Была еще владелица конного завода, кажется, из Новой Зеландии. Был я в переписке даже с федеральным судьей одного американского штата, у которого было 9 детей и несметное количество внуков. Сообщил он, что один из его детей стал chef-ом. Ну, шеф, так шеф, решил я. Но потом слазил в словарь: не может федеральный судья быть в восторге, что его сын просто важная шишка. Оказалось, что сын его шеф-повар. Никого из профессиональных математиков в моем списке корреспондентов не оказалось. Наверное, это были те, кто не отозвался – математики известны своей отзывчивостью.

Одним из следствий той переписки и явилось то, что сейчас я нахожусь в Колумбии. Один из моих корреспондентов, с которым я дружу и по сию пору, оказался математиком и владельцем книжного магазина в Армении. Это не та Армения, что все знают, это городишко в Колумбии, жители которого имеют несколько легенд, почему он так называется. Все версии легенд заканчиваются одним: когда выбирали название, это понравилось больше всех. Когда я побывал у профессора дома, продемонстрировал он мне пухлую пачку моих писем, полсотни или больше.

Каждому корреспонденту я писал только то, что тому было интересно, потому как быстро понял, что как неинтересно становится, так переписка прерывается. У большинства моих корреспондентов письма быстро становились однообразными: "Энн пошла в школу, мы купили новую машину, мы съездили в Париж." А больше писать, вроде как, и не о чем. Читая все эти письма, убедился, что человек с ручкой во всем мире одинаков: никто ничего интересного, если его не расшевелить, не напишет.

Потом пробовал я своих деток вовлечь в переписку для изучения английского языка. Обе попытки кончились одинаково: "А я не знаю о чем писать!" "Как же так? Ты живешь на другом конце планеты. Девочка эта ничего о тебе и о том, как ты живешь, не знает. Напиши ей, что ты ходишь на речку, ловишь рыбу и съедаешь ее сырой – она поверит, потому что ты живешь в очень странной для нее стране." И в ответ: "Так о чем мне писать?"

Этикет

– Здравствуйте! С Вами говорит … из России. Можно…

– Как поживаете, профессор? У Вас все хорошо?

– Да-да, у меня всё хорошо. Можно к телефону…
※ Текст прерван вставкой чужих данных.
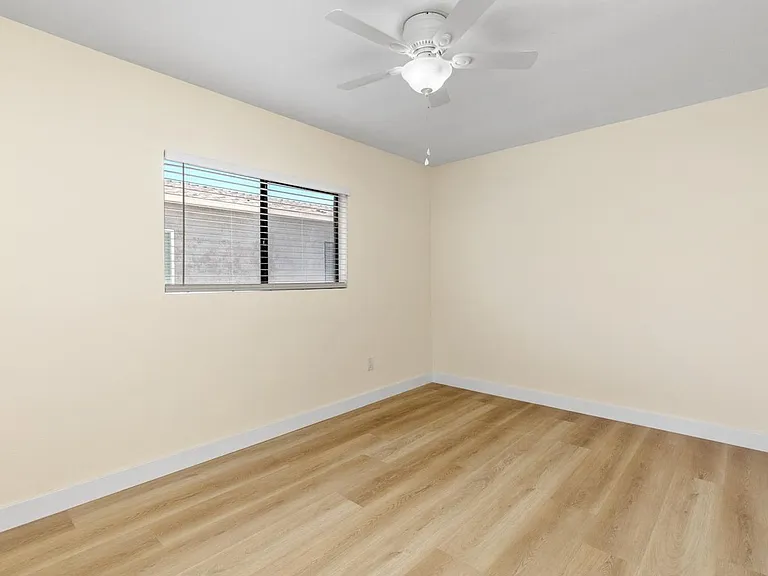 445 47th Street — Photo 13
– Я так счастлива, что у Вас всё хорошо! Надеюсь, что Ваше семейство в порядке?

– Простите, но можно к телефону директора? У меня всего три минуты телефонного времени.

– Да-да, конечно, я сейчас позову. Надеюсь, что у Вас и у Вашей семьи всё хорошо.

– Я тоже. Можно позвать директора?

– Ну, конечно, я сейчас же позову! Я так рада Вас слышать!

– Понимаете, у меня всего три минуты.

– Да-да-да, я немедленно зову.

– Спасибо!

К концу третьей минуты к телефону подходит директор и начинает расспрашивать о моем здоровье, здоровье семьи, и еще о чем-то, не давая задать вопрос, ради которого был заказан разговор. Стоит напомнить, что на дворе стоит 1993 год, месячная зарплата господина доцента из России составляет 20 долларов, а телефонная минута разговора с Колумбией стоит около 3 долларов. Расспросы о здоровье стоят очень дорого. Понятно, что и колумбийский собеседник хорошо понимает, что звонок дорогостоящий, но перейти прямо к делу невозможно: согласно колумбийскому этикету, начиная разговор, вежливый человек сначала интересуется как поживает собеседник и его семья. Тот, в свою очередь, должен сообщить, что всё обстоит прекрасно и поинтересоваться о том же у гражданина на другом конце провода. И только выяснив, что у всех всё замечательно, можно переходить к делу.